In Visconti’s eyes, this was a crowning achievement that would define the future of music. To borrow a phrase from Hunter S Thompson, The Beatles had become one of “god’s own prototypes, a high-powered mutant of some kind never even considered for mass production. Too weird to live, and too rare to die.” Yet, somehow, Sgt Pepper did achieve mass production, and while its timelessness lived on beyond the end of the band, Visconti knew they had ensured it would be oddities that followed in their golden wake.

So, when he set out at the start of his career, he went looking for the next Fab Four. It’s a mark of how much talent they had stirred up that he instantly found them. “As a producer, I needed to find someone to grow with,” he told Louder Sound. “My assignment from Denny was to get a band of my own. It was so easy.”

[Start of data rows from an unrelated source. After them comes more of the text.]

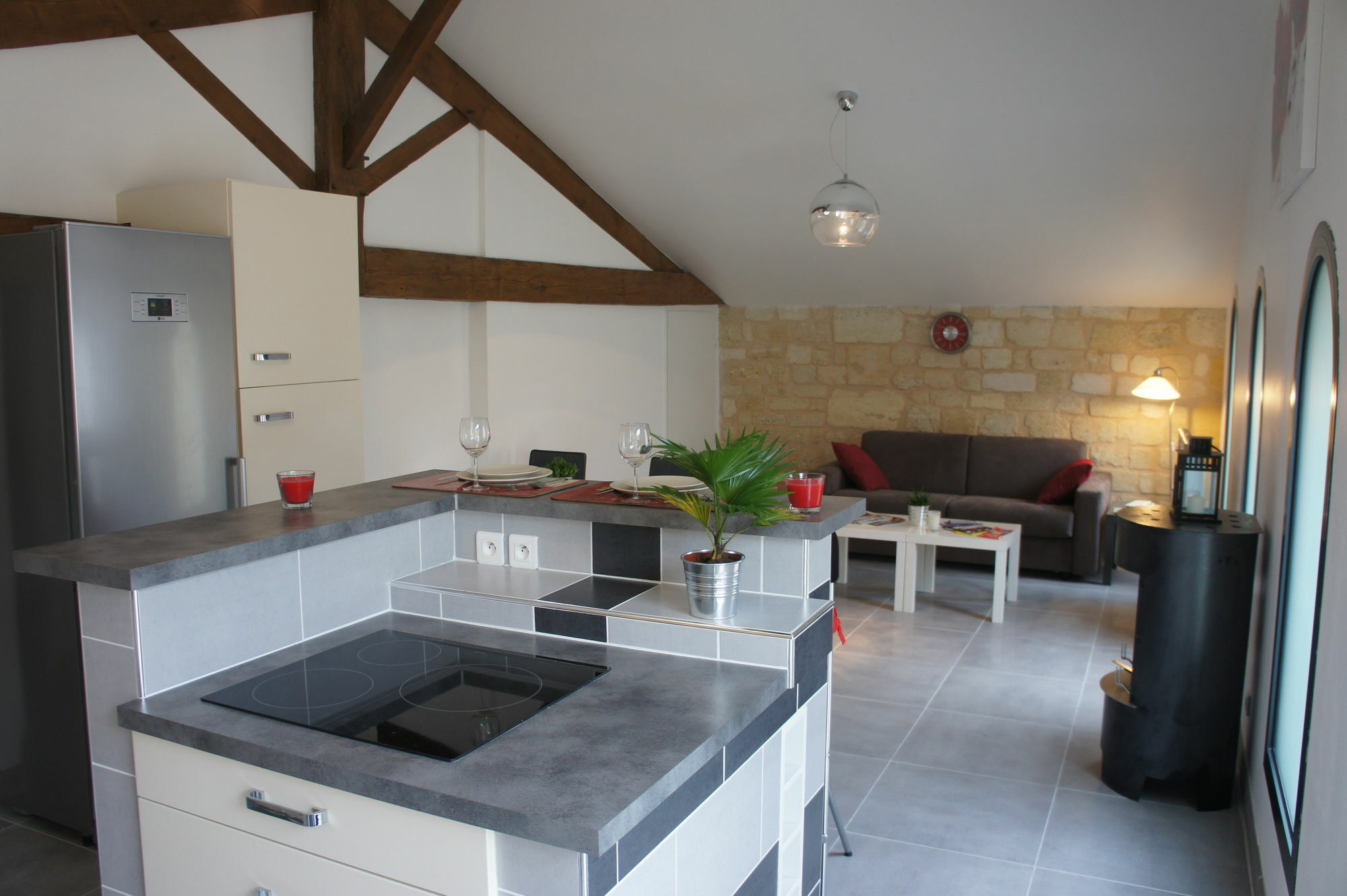 Appartement De Charme Bordeaux Chatrons מראה חיצוני תמונה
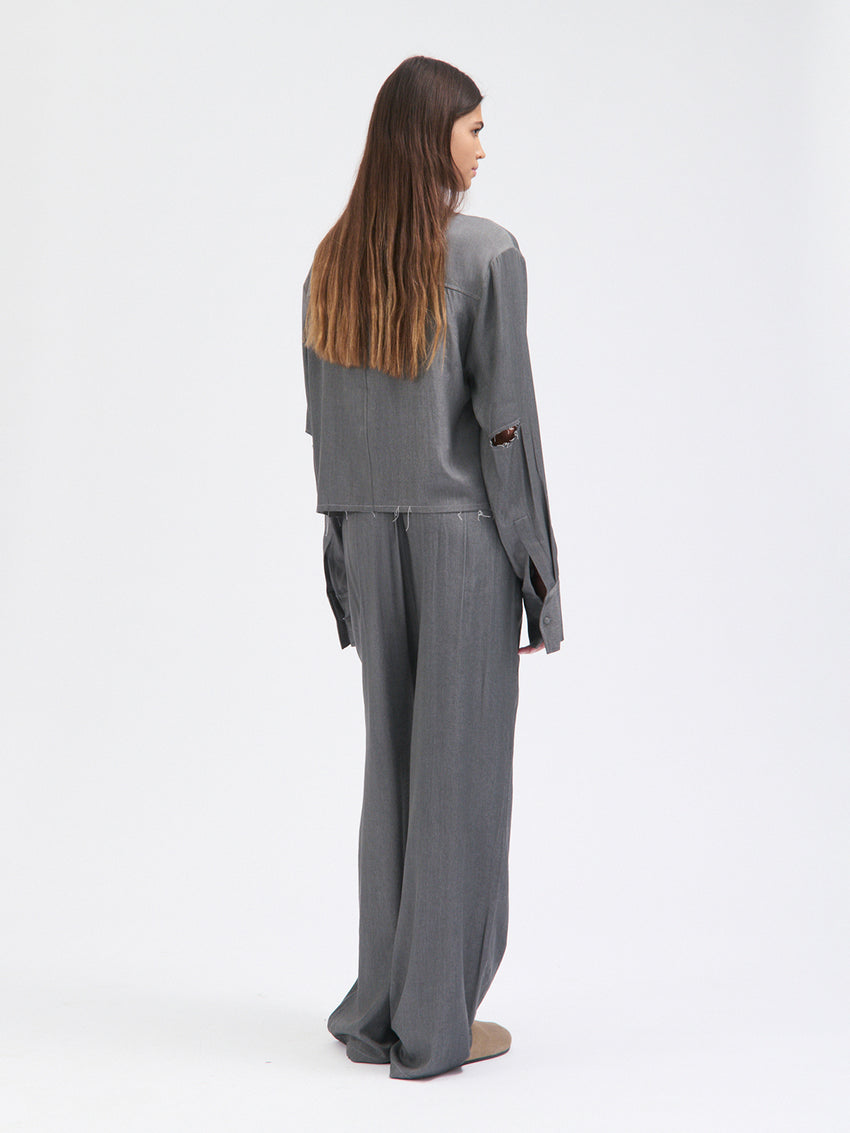 THE RAW DENIM SHIRT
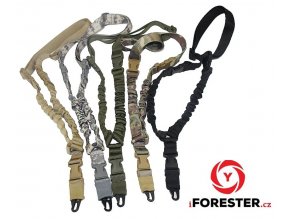 USA Tactical Hunting Gun Sling Adjustable 1 Single Point Bungee Rifle Sling Strap System Free Shipping.jpg 640x640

Visconti simply wandered into a bar and was blown away by a potent welter of folk, psychedelia, rock ‘n’ roll, emerging glam rock and a bluesy heart. As he recalls, “The first night I went out I found a band called Tyrannosaurus Rex. I knew that whoever the next Beatles were going to be, they would be very weird. And I got that feeling when I saw Tyrannosaurus Rex.”

Marc Bolan and his band were, indeed, very weird and very much the future. The band and producer had a great kinship with Visconti going on to work on Electric Warrior and everything good that came from T Rex. As an artist, Bolan is touted, by turns, as being the inventor of glam-rock, punk and even rap music. While these labels might be akin to pinning a sticker onto a river, the point remains that much artistry flowed from the bountiful reservoir of creativity that Bolan harnessed throughout his life, and it was pretty much only Viscnoti who could keep up with it.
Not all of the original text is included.